El pesado lastre de la violencia y política criminal del Estado, que marca el punto de inicio del proceso político que trajo como resultado institucional la Convención, sigue elevando la temperatura. La prisión política, las sistemáticas violaciones a los Derechos Humanos y el clima de impunidad que lentamente comienza a instalarse respecto al tema en la administración Piñera, ha entorpecido de manera definitoria tanto el proceso en sí como la relación, que ya se avizoraba compleja, entre el trabajo de la Convención y la contingencia nacional.

Un ingrediente más a considerar es un constante intento retórico de negación de la violencia política y contestaria, la que sin duda permitió forjar parte de los cimientos de este espacio transformador.

Por momentos, la Convención aparece atrapada en la declamatoria, conflictuada internamente en su etapa más frágil: La de instalación.

Sin duda hubiese sido más fácil entender, antes de iniciado el trabajo, que la Convención Constitucional es una institución de la República y un poder del Estado (ejerce nada menos que el Poder Constituyente). La única diferencia sustancial, es que las otras instituciones y poderes del Estado son permanentes, mientras que la Convención es transitoria. Esto, sin duda es un elemento importante, pero no nos debe alejar de la constatación de que la duración o longevidad de las instituciones del Estado no tienen que ver con su importancia. Hoy, la Convención es tan relevante como la Corte Suprema, el Senado, la Fiscalía, etc. Tiene funciones específicas y fecha de caducidad, pero eso no le quita peso.
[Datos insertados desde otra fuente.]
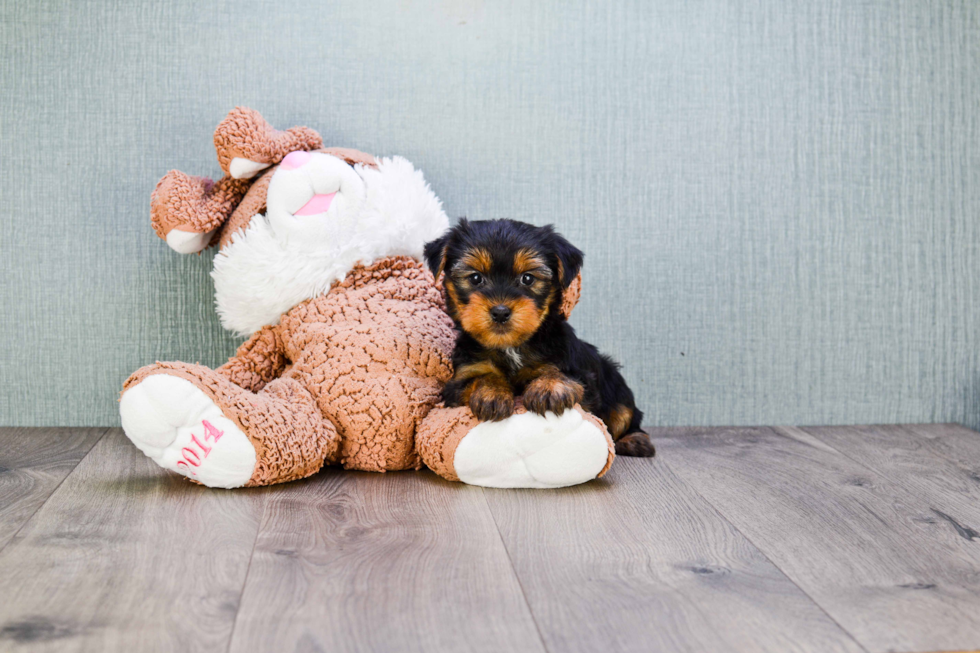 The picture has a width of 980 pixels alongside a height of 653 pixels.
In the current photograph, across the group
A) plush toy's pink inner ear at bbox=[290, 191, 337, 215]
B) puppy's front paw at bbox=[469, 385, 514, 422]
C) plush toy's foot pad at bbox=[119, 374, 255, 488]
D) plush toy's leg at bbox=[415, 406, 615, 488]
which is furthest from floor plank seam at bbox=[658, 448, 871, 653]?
plush toy's pink inner ear at bbox=[290, 191, 337, 215]

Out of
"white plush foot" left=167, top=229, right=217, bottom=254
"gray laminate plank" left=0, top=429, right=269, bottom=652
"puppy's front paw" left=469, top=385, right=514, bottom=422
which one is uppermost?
"white plush foot" left=167, top=229, right=217, bottom=254

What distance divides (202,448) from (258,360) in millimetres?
484

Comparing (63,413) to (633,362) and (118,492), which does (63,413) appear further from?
(633,362)

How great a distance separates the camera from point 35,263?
256cm

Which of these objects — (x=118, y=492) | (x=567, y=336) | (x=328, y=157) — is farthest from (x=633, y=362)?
(x=118, y=492)

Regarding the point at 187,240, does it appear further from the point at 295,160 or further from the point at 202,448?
the point at 202,448

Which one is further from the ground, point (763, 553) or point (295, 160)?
point (295, 160)

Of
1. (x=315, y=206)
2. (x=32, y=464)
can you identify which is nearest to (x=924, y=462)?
(x=315, y=206)

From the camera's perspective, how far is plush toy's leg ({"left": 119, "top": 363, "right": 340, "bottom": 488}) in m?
1.78

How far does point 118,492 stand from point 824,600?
156 centimetres

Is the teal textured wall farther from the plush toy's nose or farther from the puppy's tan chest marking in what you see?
the puppy's tan chest marking

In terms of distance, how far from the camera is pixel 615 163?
2686 mm

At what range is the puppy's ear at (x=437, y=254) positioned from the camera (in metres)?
1.99

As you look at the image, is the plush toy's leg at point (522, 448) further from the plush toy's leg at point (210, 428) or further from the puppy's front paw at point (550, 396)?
the plush toy's leg at point (210, 428) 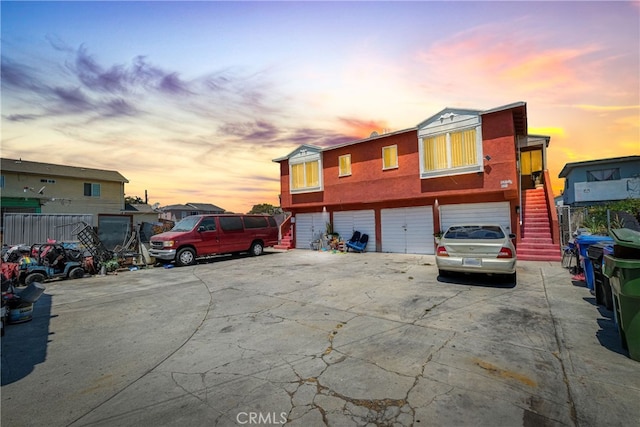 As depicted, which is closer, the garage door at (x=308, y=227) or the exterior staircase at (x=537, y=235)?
the exterior staircase at (x=537, y=235)

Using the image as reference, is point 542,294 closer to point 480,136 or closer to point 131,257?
point 480,136

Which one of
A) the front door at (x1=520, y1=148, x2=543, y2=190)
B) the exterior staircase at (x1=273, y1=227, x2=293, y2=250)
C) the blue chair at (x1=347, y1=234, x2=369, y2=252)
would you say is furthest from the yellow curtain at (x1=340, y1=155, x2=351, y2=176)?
the front door at (x1=520, y1=148, x2=543, y2=190)

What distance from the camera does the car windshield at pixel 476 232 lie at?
766 centimetres

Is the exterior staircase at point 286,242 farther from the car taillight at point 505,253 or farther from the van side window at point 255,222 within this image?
the car taillight at point 505,253

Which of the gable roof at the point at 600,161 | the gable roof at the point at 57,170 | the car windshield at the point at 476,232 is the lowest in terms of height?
the car windshield at the point at 476,232

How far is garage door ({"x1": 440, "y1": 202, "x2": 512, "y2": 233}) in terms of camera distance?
1258 centimetres

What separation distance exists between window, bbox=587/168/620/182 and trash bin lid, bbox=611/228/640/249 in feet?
94.8

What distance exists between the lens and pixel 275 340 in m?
4.43

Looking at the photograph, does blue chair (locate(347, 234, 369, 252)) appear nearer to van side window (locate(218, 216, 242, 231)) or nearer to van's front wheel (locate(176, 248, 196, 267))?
van side window (locate(218, 216, 242, 231))

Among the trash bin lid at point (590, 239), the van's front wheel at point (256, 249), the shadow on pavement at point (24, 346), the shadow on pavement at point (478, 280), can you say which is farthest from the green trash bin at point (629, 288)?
the van's front wheel at point (256, 249)

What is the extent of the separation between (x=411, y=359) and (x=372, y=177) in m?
12.7

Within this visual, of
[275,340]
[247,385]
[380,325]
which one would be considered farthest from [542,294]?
[247,385]

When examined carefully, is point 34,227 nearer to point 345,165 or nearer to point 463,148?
point 345,165

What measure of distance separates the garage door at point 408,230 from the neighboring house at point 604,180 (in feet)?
68.0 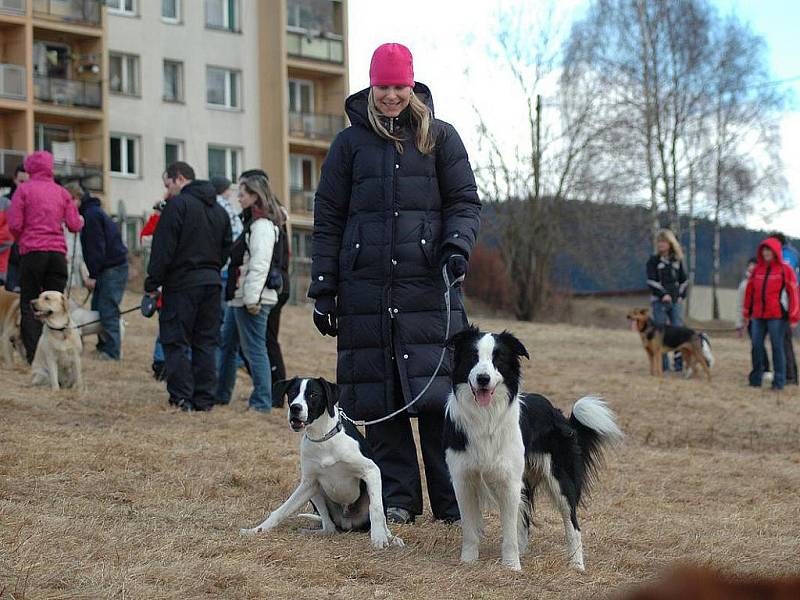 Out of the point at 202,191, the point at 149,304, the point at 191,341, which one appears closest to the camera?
the point at 202,191

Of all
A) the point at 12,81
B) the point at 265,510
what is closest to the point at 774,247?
the point at 265,510

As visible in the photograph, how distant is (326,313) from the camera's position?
6684 mm

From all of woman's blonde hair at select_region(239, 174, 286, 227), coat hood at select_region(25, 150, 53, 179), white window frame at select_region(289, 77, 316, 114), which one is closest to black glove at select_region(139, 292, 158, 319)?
woman's blonde hair at select_region(239, 174, 286, 227)

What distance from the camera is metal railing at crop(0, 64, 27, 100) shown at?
3556cm

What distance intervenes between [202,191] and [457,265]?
16.9 feet

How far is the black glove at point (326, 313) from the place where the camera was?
21.9ft

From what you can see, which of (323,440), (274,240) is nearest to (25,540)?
(323,440)

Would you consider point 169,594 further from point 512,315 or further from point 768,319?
point 512,315

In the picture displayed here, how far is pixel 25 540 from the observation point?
5422 millimetres

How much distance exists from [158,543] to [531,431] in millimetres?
1805

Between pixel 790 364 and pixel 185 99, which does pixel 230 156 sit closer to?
pixel 185 99

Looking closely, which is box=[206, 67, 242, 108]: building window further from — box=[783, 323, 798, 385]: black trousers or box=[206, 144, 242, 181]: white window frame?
box=[783, 323, 798, 385]: black trousers

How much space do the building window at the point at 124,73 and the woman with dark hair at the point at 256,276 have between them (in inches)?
1161

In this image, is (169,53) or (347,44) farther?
(347,44) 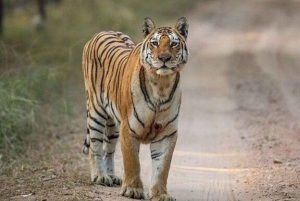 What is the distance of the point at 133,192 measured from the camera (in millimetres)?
7531

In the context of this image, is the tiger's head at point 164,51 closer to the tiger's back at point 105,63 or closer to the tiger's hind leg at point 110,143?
the tiger's back at point 105,63

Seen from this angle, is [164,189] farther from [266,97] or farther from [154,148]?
[266,97]

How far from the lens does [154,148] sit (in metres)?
7.58

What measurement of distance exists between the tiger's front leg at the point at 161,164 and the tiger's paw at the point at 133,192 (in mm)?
109

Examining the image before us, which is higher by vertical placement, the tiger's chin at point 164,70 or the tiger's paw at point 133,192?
the tiger's chin at point 164,70

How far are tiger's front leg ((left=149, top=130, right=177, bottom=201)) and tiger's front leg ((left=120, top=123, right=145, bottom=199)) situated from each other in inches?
5.5

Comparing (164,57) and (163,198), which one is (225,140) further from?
(164,57)

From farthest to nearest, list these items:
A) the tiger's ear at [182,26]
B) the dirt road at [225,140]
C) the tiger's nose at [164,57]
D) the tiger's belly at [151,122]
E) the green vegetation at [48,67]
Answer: the green vegetation at [48,67], the dirt road at [225,140], the tiger's ear at [182,26], the tiger's belly at [151,122], the tiger's nose at [164,57]

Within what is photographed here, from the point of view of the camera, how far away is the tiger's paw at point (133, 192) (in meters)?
7.53

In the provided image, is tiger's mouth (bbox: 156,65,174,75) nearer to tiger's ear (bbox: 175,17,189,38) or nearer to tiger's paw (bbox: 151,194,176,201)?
tiger's ear (bbox: 175,17,189,38)

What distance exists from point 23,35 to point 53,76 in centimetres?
971

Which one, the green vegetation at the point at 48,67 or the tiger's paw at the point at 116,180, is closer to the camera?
the tiger's paw at the point at 116,180

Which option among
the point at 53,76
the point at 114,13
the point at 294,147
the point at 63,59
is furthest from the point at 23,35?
the point at 294,147

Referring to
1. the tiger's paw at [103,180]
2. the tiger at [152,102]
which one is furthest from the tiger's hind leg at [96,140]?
the tiger at [152,102] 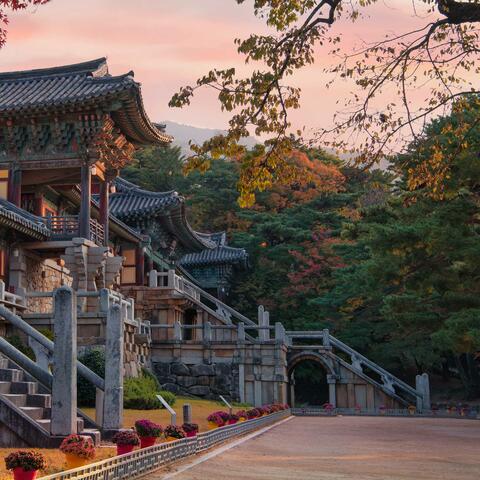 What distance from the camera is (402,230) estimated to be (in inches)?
852

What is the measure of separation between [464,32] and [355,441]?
932 centimetres

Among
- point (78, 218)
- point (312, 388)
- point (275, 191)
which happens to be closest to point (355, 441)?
point (78, 218)

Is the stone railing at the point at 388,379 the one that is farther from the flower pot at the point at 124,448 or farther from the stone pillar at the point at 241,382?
the flower pot at the point at 124,448

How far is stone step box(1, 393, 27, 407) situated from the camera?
10802mm

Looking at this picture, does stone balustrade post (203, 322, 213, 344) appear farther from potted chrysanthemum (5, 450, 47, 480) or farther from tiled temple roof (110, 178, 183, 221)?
potted chrysanthemum (5, 450, 47, 480)

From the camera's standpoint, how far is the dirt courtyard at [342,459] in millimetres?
9594

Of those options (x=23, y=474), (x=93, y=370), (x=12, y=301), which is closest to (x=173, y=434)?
(x=23, y=474)

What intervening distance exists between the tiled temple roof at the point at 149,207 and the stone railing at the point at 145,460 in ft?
85.8

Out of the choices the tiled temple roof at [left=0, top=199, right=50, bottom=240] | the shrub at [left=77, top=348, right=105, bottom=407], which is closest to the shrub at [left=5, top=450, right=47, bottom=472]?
the shrub at [left=77, top=348, right=105, bottom=407]

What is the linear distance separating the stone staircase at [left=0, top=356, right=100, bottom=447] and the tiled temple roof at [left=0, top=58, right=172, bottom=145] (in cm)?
1710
Por otra parte, hubiese sido útil asimilar que la Convención, como todos los poderes del Estado, especialmente los que son integrados por representantes electos popularmente, es un espacio de acción política, y debe ser tratada como tal, con todos los matices que conlleva.

Comprender eso antes hubiese disminuido considerablemente los niveles de ruido que rodean el trabajo que se realiza en el Palacio Pereira y el ex Congreso.

Es un desafío para la Convención afrontar la impunidad como una tarea propia, problematizarla más allá de las declaraciones de intenciones, y no supeditar los derechos humanos a la excusa de los acuerdos.

Es de esperar que la verdad, justicia y reparación necesarias sigan en el horizonte de quienes dicen defender la dignidad de la Convención, ante la certeza de que un órgano tan relevante para nuestra historia político-social reciente, no puede tener deudas morales con un sector de la sociedad al que pretende dar un marco valórico para el futuro.